Token Masking Improves Transformer-Based Text Classification
Xianglong Xu, John Bowen, Rojin Taheri
TL;DR
The paper addresses overfitting in transformer-based text classification by introducing token masking regularization that randomly replaces tokens with a [MASK] token during training. This data-level perturbation induces gradient averaging across masked configurations, acting as an implicit ensemble and encouraging models to rely on deeper contextual relations rather than surface co-occurrences. Across LinCE benchmarks for language identification and sentiment analysis using multiple models, the method achieves consistent gains, with a robust default masking rate around 0.1 and capacity- and task-dependent behavior. The approach is simple yet effective, offering practical cross-lingual transfer benefits and a foundation for adaptive masking strategies in future work.
Abstract
While transformer-based models achieve strong performance on text classification, we explore whether masking input tokens can further enhance their effectiveness. We propose token masking regularization, a simple yet theoretically motivated method that randomly replaces input tokens with a special [MASK] token at probability p.

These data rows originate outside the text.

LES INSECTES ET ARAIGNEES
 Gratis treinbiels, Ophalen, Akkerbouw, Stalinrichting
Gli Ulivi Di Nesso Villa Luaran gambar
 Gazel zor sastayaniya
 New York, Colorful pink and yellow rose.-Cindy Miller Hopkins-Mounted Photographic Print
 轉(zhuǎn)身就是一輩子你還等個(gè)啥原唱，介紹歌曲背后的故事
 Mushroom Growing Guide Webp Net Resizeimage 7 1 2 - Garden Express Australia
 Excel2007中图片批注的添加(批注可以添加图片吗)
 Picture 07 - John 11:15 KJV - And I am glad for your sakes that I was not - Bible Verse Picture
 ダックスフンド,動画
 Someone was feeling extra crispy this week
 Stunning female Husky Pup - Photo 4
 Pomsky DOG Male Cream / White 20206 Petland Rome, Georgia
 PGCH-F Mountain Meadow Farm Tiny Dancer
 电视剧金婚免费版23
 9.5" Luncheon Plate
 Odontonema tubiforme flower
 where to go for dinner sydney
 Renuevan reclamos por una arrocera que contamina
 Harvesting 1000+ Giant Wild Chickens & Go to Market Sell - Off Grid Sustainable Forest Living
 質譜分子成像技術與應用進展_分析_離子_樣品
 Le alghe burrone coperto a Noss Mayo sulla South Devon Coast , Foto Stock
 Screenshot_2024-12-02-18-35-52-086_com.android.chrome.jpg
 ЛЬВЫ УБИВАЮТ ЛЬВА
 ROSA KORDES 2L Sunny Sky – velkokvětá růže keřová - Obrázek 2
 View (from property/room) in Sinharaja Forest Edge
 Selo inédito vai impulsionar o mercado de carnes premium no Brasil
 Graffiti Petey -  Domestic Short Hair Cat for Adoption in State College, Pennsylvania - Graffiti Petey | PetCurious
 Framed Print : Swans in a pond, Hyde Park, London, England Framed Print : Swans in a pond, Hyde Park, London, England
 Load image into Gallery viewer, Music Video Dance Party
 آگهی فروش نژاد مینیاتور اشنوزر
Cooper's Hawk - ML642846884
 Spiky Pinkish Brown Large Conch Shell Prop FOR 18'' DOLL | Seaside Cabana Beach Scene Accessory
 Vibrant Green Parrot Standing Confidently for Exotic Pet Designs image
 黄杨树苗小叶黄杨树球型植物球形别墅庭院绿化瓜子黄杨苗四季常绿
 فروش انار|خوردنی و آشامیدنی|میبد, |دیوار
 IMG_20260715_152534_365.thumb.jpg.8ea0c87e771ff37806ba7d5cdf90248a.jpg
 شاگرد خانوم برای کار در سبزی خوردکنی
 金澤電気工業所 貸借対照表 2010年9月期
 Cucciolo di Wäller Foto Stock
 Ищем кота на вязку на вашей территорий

This introduces stochastic perturbations during training, leading to implicit gradient averaging that encourages the model to capture deeper inter-token dependencies. Experiments on language identification and sentiment analysis -- across diverse models (mBERT, Qwen2.5-0.5B, TinyLlama-1.1B) -- show consistent improvements over standard regularization techniques. We identify task-specific optimal masking rates, with p = 0.1 as a strong general default. We attribute the gains to two key effects: (1) input perturbation reduces overfitting, and (2) gradient-level smoothing acts as implicit ensembling.